▸ INPUT DATA

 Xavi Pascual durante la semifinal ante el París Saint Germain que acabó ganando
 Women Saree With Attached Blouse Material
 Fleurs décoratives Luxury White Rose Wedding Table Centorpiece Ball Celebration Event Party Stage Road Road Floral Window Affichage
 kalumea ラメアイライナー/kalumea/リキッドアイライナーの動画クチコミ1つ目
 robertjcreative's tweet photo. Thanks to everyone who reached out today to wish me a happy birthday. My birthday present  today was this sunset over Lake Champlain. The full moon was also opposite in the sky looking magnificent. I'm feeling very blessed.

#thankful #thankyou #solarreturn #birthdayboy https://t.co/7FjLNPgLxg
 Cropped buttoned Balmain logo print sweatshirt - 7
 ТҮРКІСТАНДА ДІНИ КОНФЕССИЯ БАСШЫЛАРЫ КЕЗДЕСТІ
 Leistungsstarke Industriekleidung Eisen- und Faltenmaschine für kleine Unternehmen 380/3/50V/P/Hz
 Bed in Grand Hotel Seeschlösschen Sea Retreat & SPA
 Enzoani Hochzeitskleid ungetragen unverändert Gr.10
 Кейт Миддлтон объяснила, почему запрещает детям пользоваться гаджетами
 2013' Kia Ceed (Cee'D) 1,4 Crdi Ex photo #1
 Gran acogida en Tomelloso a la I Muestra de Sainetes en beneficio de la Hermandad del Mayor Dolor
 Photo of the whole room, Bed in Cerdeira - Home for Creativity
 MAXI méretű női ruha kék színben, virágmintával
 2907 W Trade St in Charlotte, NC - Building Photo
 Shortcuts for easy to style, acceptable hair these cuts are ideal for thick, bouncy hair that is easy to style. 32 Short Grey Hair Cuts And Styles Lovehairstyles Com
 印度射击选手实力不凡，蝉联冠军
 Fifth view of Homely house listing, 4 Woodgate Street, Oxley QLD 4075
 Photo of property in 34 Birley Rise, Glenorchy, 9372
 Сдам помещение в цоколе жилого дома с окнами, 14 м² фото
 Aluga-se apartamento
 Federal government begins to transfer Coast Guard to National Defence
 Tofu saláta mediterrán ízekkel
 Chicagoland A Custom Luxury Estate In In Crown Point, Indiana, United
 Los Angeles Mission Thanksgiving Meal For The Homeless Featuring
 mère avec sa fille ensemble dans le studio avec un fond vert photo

▸ WHAT IS REQUIRED
Give the data again. Keep every line identical.

▸ REPLY TO THE EXERCISE
 Xavi Pascual durante la semifinal ante el París Saint Germain que acabó ganando
 Women Saree With Attached Blouse Material
 Fleurs décoratives Luxury White Rose Wedding Table Centorpiece Ball Celebration Event Party Stage Road Road Floral Window Affichage
 kalumea ラメアイライナー/kalumea/リキッドアイライナーの動画クチコミ1つ目
 robertjcreative's tweet photo. Thanks to everyone who reached out today to wish me a happy birthday. My birthday present  today was this sunset over Lake Champlain. The full moon was also opposite in the sky looking magnificent. I'm feeling very blessed.

#thankful #thankyou #solarreturn #birthdayboy https://t.co/7FjLNPgLxg
 Cropped buttoned Balmain logo print sweatshirt - 7
 ТҮРКІСТАНДА ДІНИ КОНФЕССИЯ БАСШЫЛАРЫ КЕЗДЕСТІ
 Leistungsstarke Industriekleidung Eisen- und Faltenmaschine für kleine Unternehmen 380/3/50V/P/Hz
 Bed in Grand Hotel Seeschlösschen Sea Retreat & SPA
 Enzoani Hochzeitskleid ungetragen unverändert Gr.10
 Кейт Миддлтон объяснила, почему запрещает детям пользоваться гаджетами
 2013' Kia Ceed (Cee'D) 1,4 Crdi Ex photo #1
 Gran acogida en Tomelloso a la I Muestra de Sainetes en beneficio de la Hermandad del Mayor Dolor
 Photo of the whole room, Bed in Cerdeira - Home for Creativity
 MAXI méretű női ruha kék színben, virágmintával
 2907 W Trade St in Charlotte, NC - Building Photo
 Shortcuts for easy to style, acceptable hair these cuts are ideal for thick, bouncy hair that is easy to style. 32 Short Grey Hair Cuts And Styles Lovehairstyles Com
 印度射击选手实力不凡，蝉联冠军
 Fifth view of Homely house listing, 4 Woodgate Street, Oxley QLD 4075
 Photo of property in 34 Birley Rise, Glenorchy, 9372
 Сдам помещение в цоколе жилого дома с окнами, 14 м² фото
 Aluga-se apartamento
 Federal government begins to transfer Coast Guard to National Defence
 Tofu saláta mediterrán ízekkel
 Chicagoland A Custom Luxury Estate In In Crown Point, Indiana, United
 Los Angeles Mission Thanksgiving Meal For The Homeless Featuring
 mère avec sa fille ensemble dans le studio avec un fond vert photo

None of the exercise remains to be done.